§ Supplied information
# # # # #

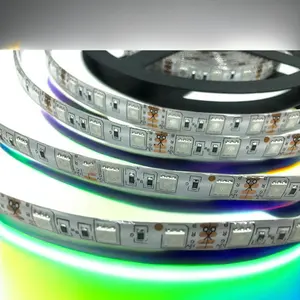 60-Led Per Meter/20-sectie Snijbare 5050 Rgb Flexibele Strip Licht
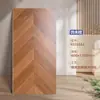 Azulejos com Textura de Madeira Natural 800X800 para Sala de Estar e Quarto, Azulejos de Piso Falso Madeira para Hotéis e Pousadas, Azulejos Cerâmicos Vintage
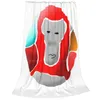 Cobertores Gorilla Tag Red Soccer Ball Print Novelty Fashion Soft Warm Blanket Gorillatag Redmonkey Football Zidane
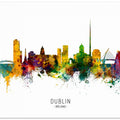 Art Prints of Dublin Ireland Skyline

# # # # #

§ How to complete this task
Keep the pictures out while you retype all of the data above exactly as it appears.

§ Response to this task
 60-Led Per Meter/20-sectie Snijbare 5050 Rgb Flexibele Strip Licht
 Azulejos com Textura de Madeira Natural 800X800 para Sala de Estar e Quarto, Azulejos de Piso Falso Madeira para Hotéis e Pousadas, Azulejos Cerâmicos Vintage
 Cobertores Gorilla Tag Red Soccer Ball Print Novelty Fashion Soft Warm Blanket Gorillatag Redmonkey Football Zidane
 Art Prints of Dublin Ireland Skyline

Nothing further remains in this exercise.